Your instructions
Starting at the line where "happy young women" occurs, reproduce each line through the end of the entries below exactly. Omit every picture.

Captioned web images
::::::::::

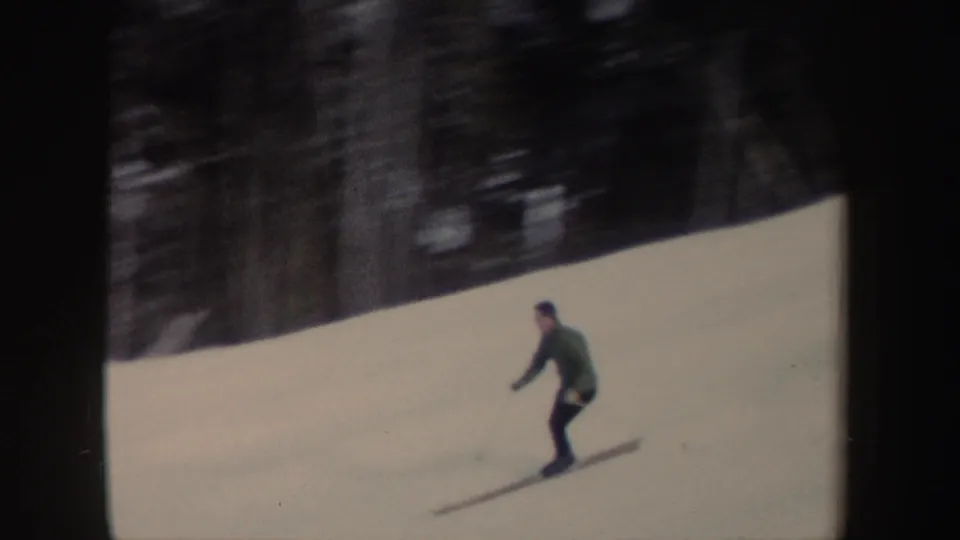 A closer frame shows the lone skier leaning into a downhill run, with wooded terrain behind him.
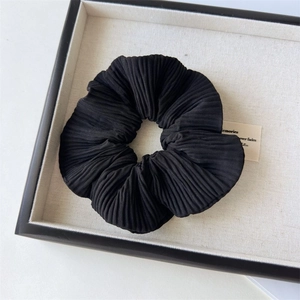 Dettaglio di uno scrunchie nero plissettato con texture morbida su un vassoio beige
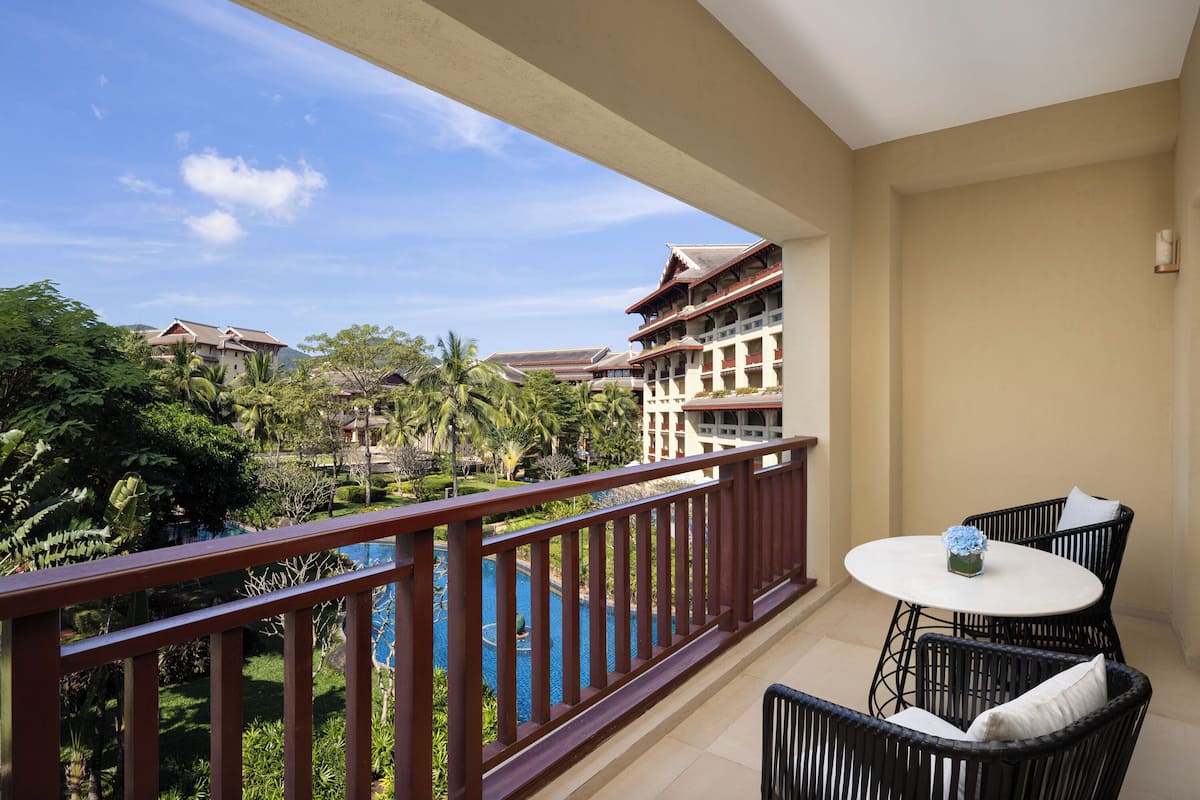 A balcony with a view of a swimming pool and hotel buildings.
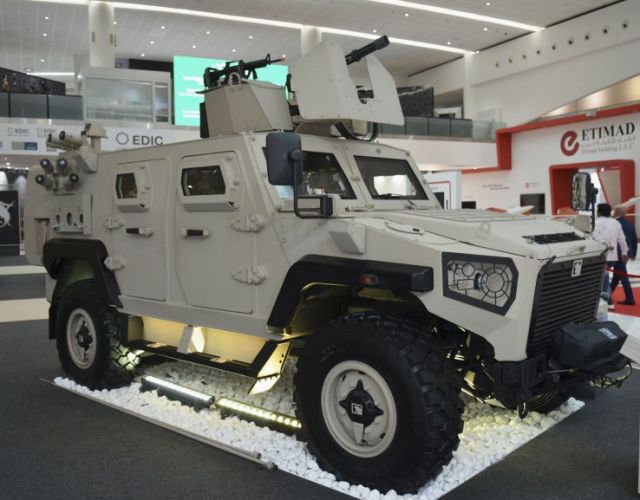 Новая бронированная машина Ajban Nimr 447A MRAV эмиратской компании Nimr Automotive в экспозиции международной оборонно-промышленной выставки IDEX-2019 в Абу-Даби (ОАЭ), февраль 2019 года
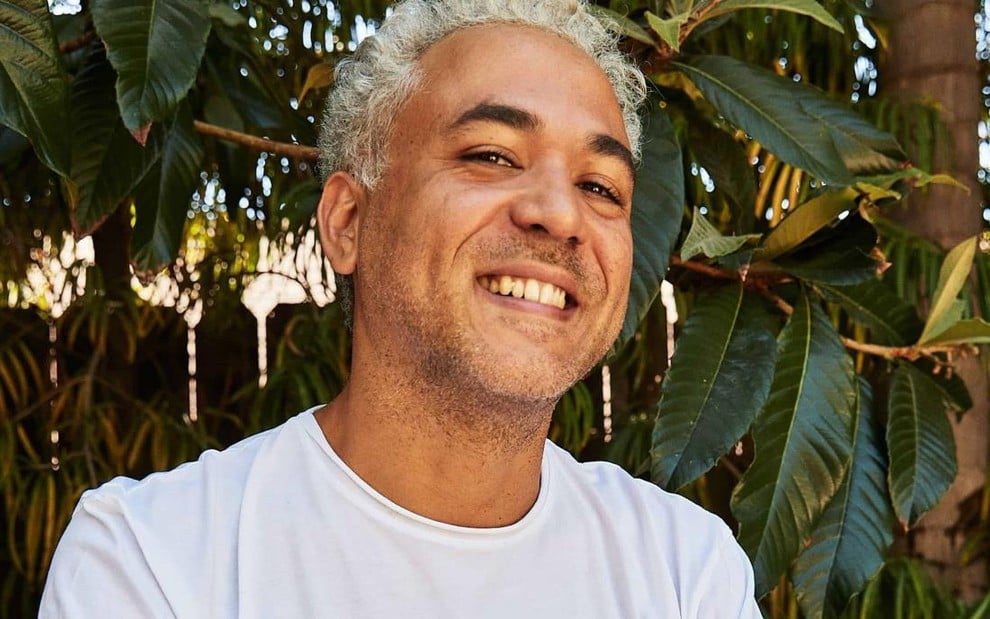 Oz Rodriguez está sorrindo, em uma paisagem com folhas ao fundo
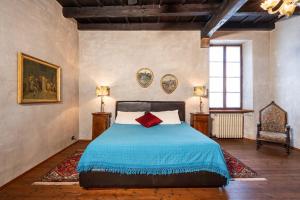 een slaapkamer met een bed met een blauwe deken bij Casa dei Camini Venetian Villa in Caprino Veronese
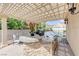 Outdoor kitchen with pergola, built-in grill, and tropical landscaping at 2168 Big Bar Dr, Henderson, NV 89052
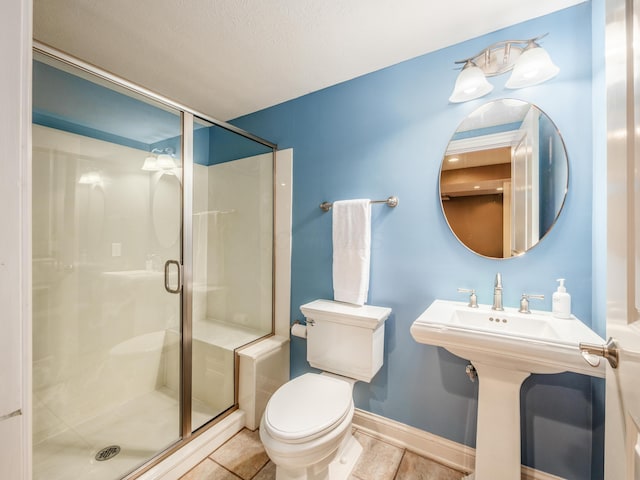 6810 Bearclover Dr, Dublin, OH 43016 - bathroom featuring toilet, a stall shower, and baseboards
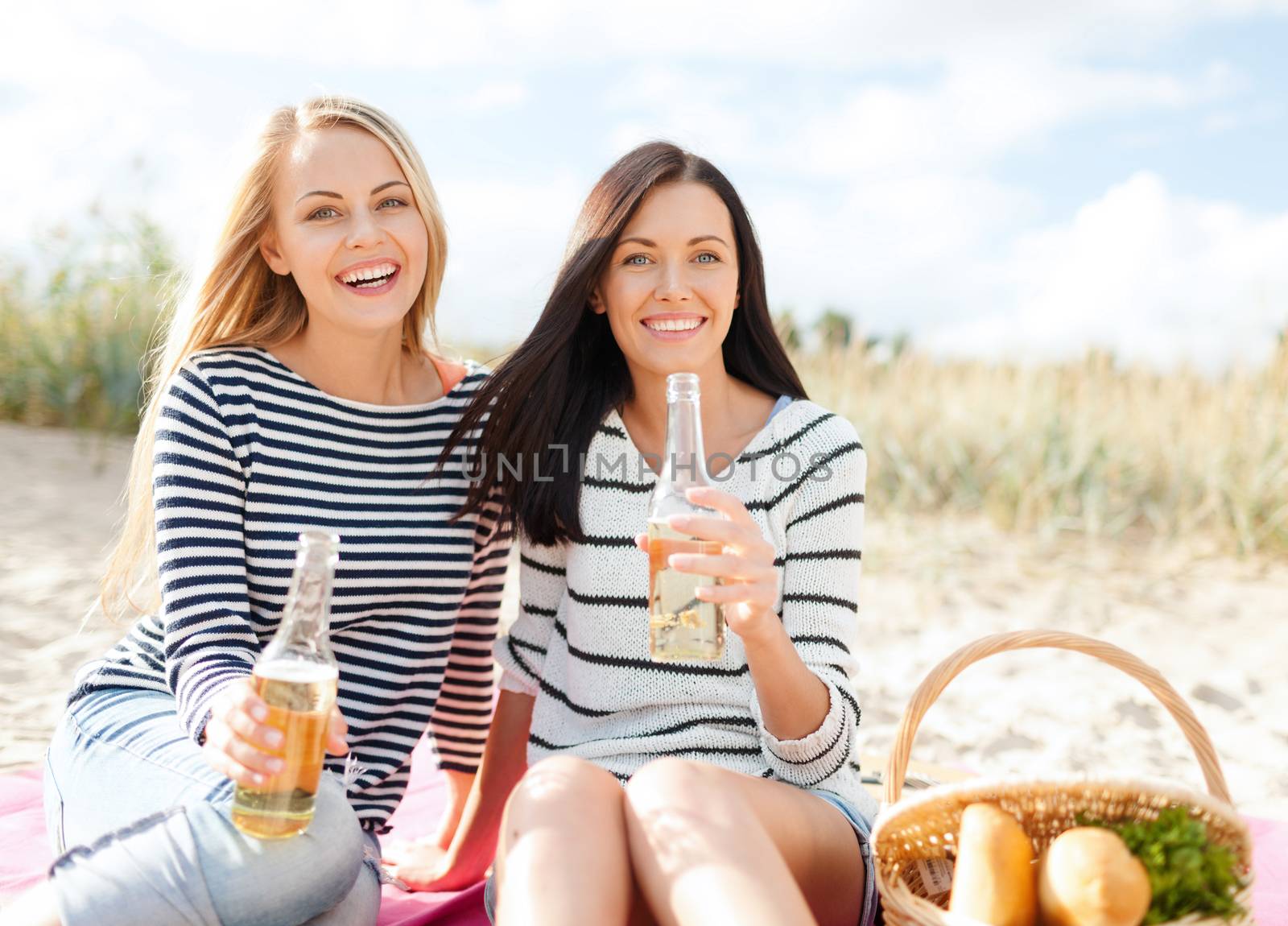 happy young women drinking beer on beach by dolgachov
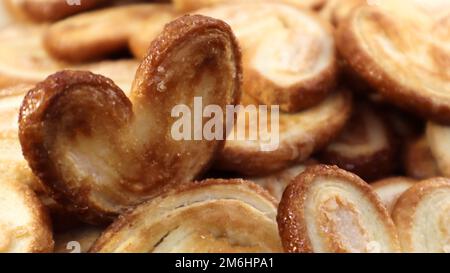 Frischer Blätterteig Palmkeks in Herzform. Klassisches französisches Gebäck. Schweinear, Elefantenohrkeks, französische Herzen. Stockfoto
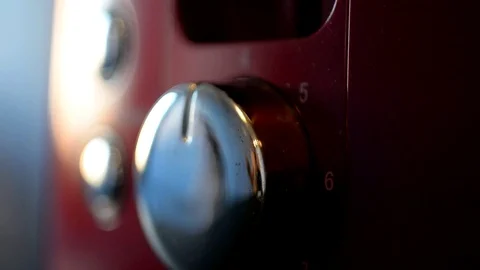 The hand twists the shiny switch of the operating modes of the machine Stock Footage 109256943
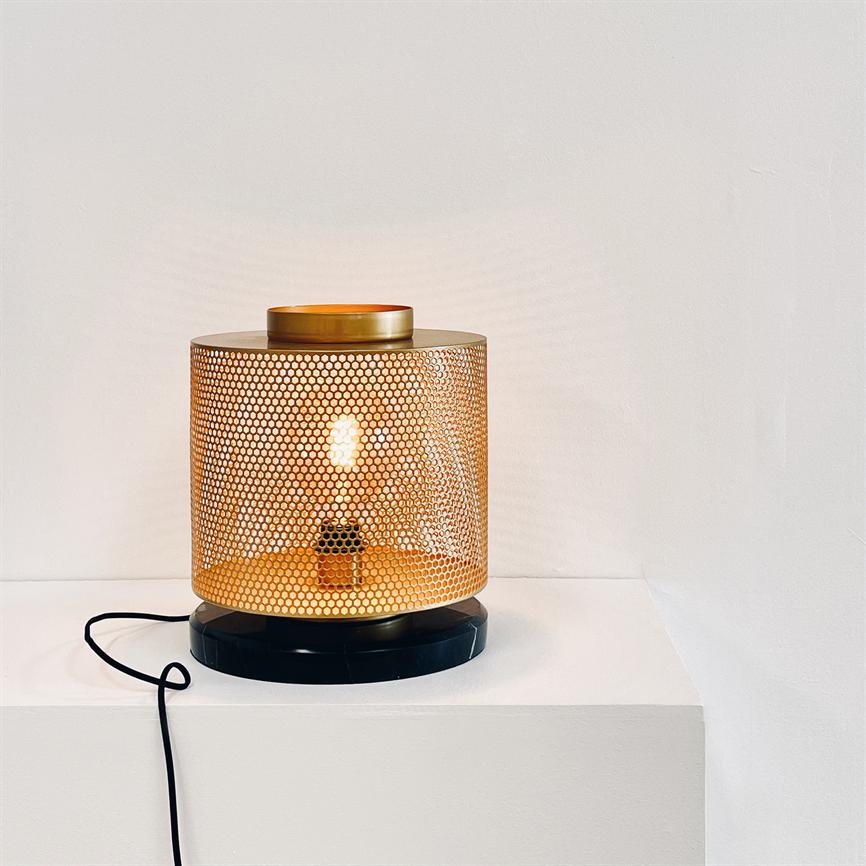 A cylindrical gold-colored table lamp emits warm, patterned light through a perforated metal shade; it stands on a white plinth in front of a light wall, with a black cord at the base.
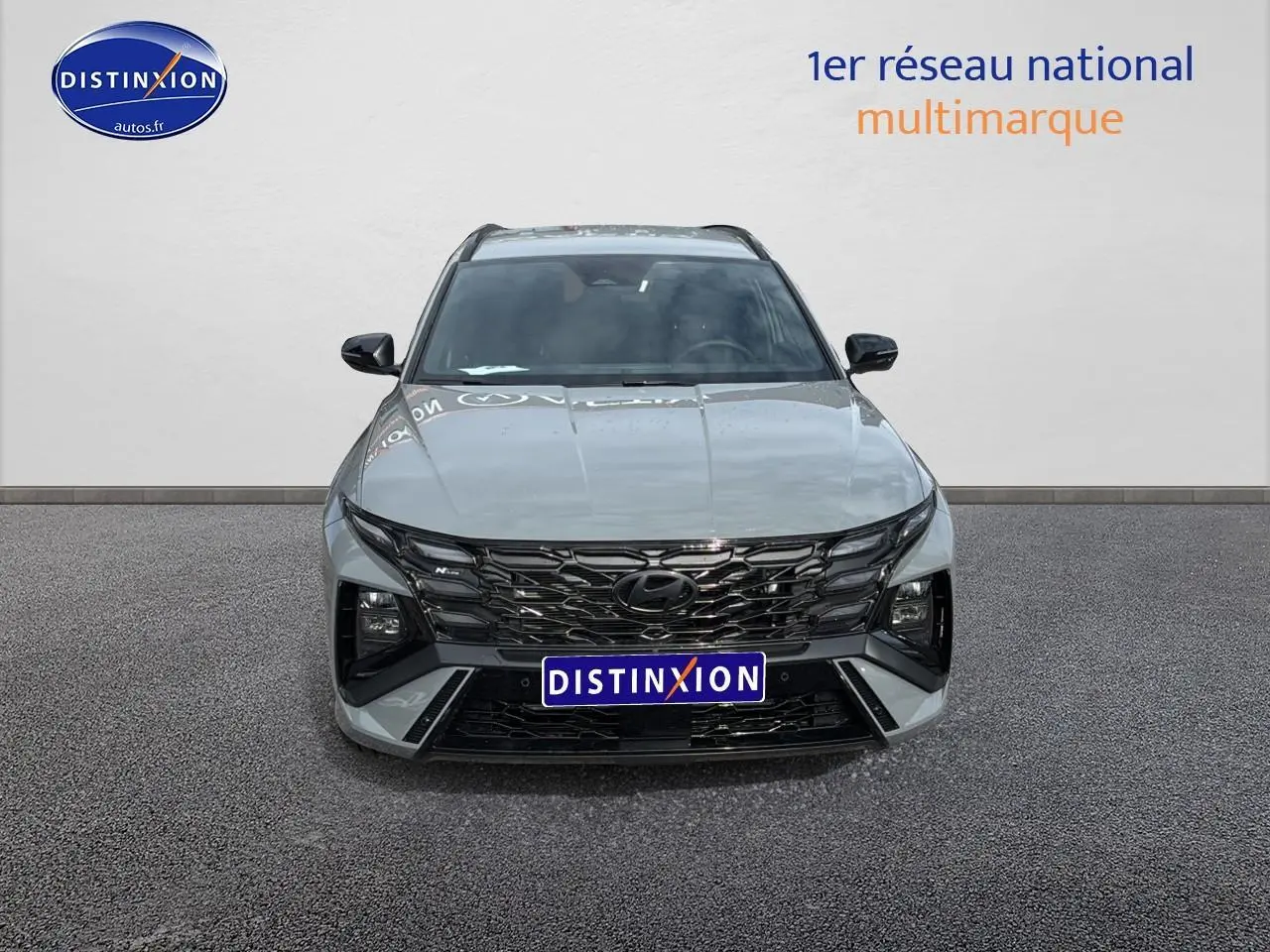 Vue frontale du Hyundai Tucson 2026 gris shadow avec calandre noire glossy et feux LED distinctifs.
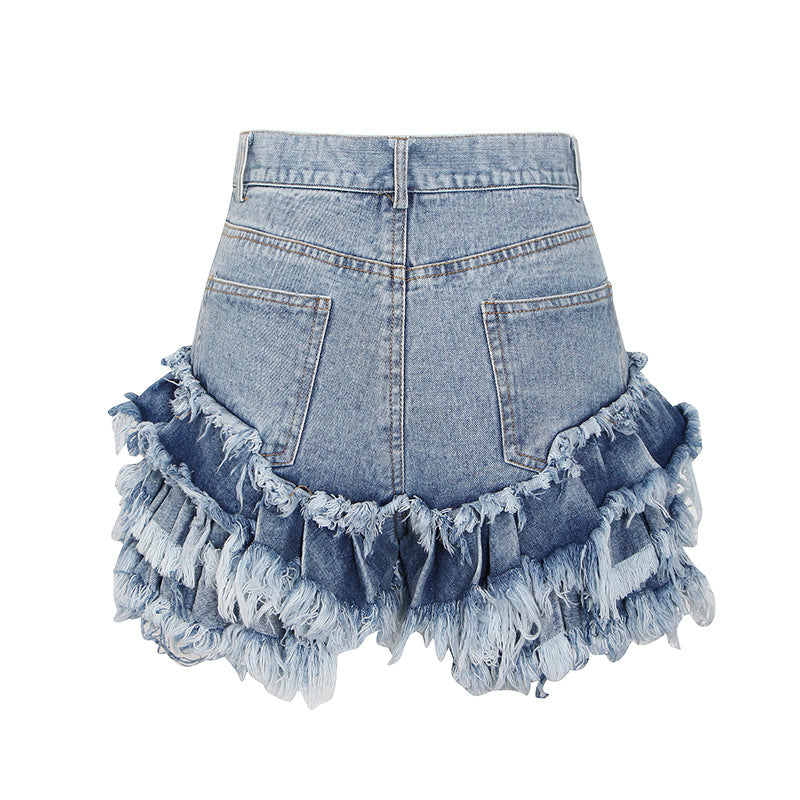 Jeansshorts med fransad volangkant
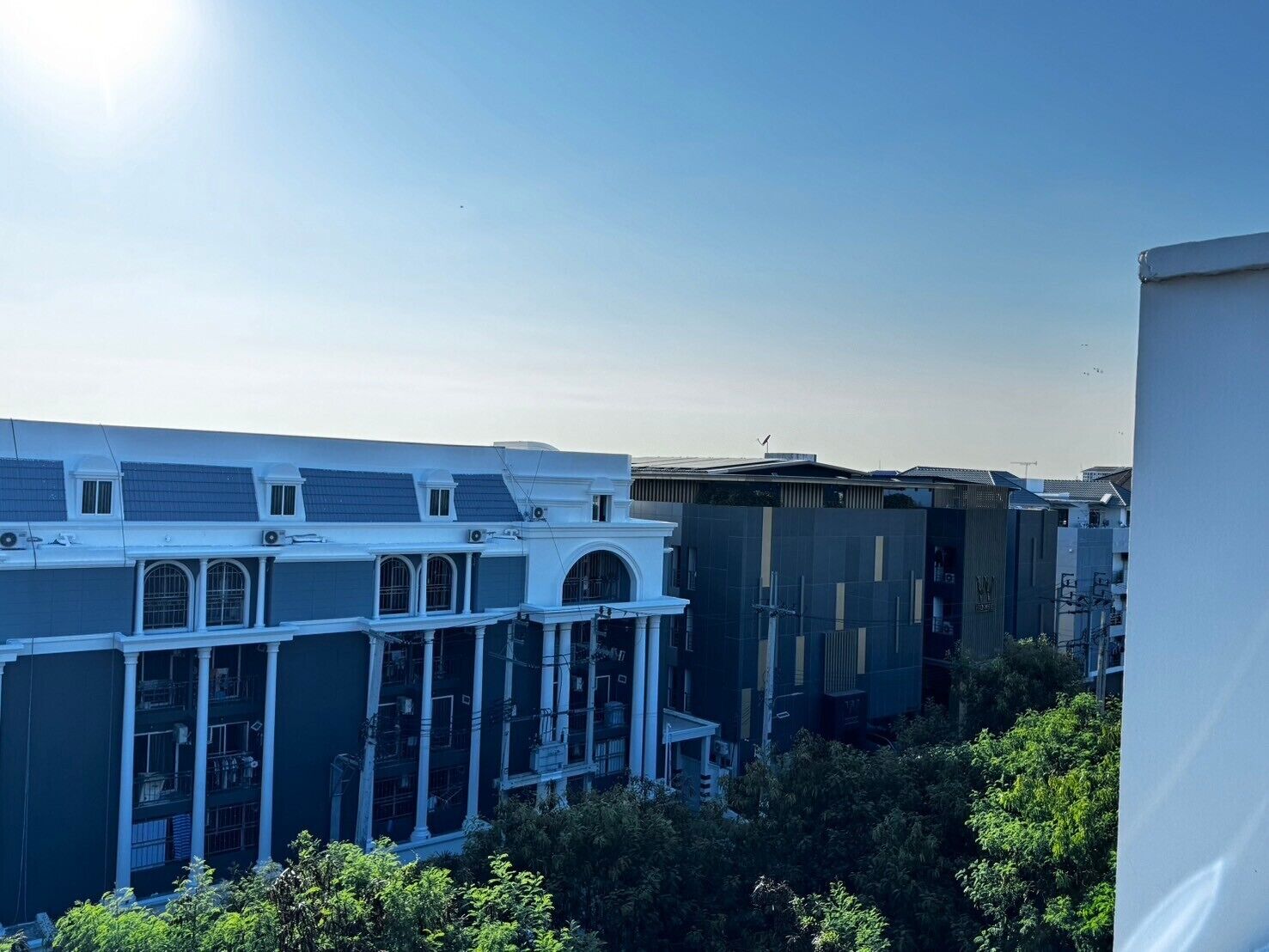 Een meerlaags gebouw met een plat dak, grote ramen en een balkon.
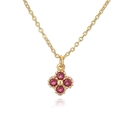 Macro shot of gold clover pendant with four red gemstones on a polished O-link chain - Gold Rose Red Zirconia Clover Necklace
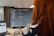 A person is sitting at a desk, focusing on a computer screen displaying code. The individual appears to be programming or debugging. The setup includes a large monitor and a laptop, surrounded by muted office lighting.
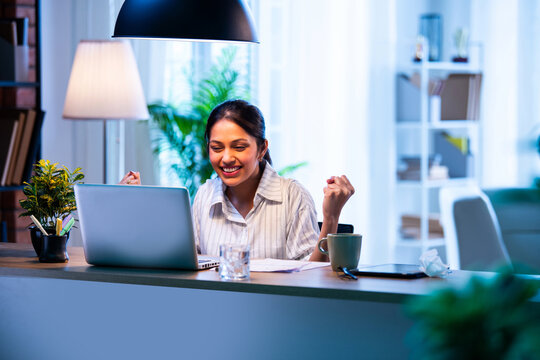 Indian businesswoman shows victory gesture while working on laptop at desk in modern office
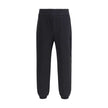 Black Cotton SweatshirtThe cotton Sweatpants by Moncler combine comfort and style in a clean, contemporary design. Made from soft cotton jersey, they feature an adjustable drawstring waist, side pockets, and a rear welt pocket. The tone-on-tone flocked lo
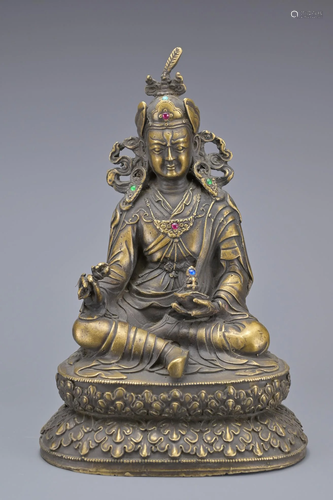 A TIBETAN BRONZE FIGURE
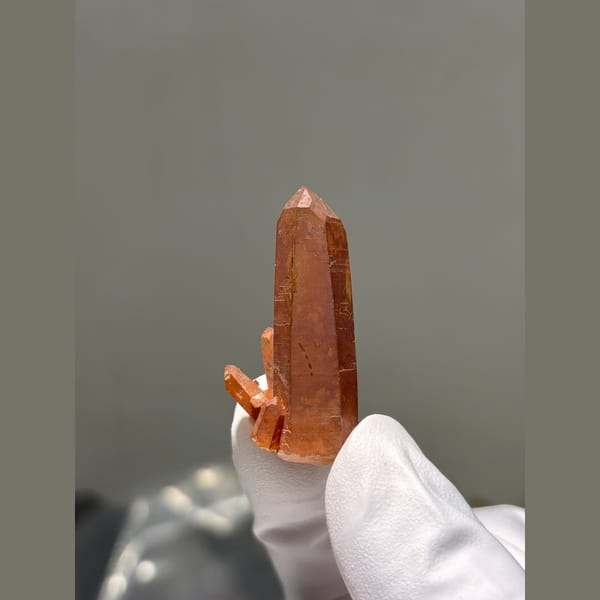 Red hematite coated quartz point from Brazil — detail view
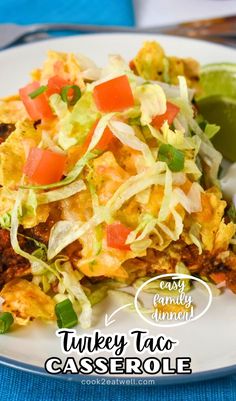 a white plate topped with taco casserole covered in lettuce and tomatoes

::::::::::

Response
 happy young women drinking beer on beach by dolgachov
 Frischer Blätterteig Palmkeks in Herzform. Klassisches französisches Gebäck. Schweinear, Elefantenohrkeks, französische Herzen. Stockfoto
 The hand twists the shiny switch of the operating modes of the machine Stock Footage 109256943
 A cylindrical gold-colored table lamp emits warm, patterned light through a perforated metal shade; it stands on a white plinth in front of a light wall, with a black cord at the base.
 Vue frontale du Hyundai Tucson 2026 gris shadow avec calandre noire glossy et feux LED distinctifs.
 Jeansshorts med fransad volangkant
 Een meerlaags gebouw met een plat dak, grote ramen en een balkon.
 Macro shot of gold clover pendant with four red gemstones on a polished O-link chain - Gold Rose Red Zirconia Clover Necklace
 A person is sitting at a desk, focusing on a computer screen displaying code. The individual appears to be programming or debugging. The setup includes a large monitor and a laptop, surrounded by muted office lighting.
 Indian businesswoman shows victory gesture while working on laptop at desk in modern office
 Black Cotton SweatshirtThe cotton Sweatpants by Moncler combine comfort and style in a clean, contemporary design. Made from soft cotton jersey, they feature an adjustable drawstring waist, side pockets, and a rear welt pocket. The tone-on-tone flocked lo
 A TIBETAN BRONZE FIGURE
 Red hematite coated quartz point from Brazil — detail view
 a white plate topped with taco casserole covered in lettuce and tomatoes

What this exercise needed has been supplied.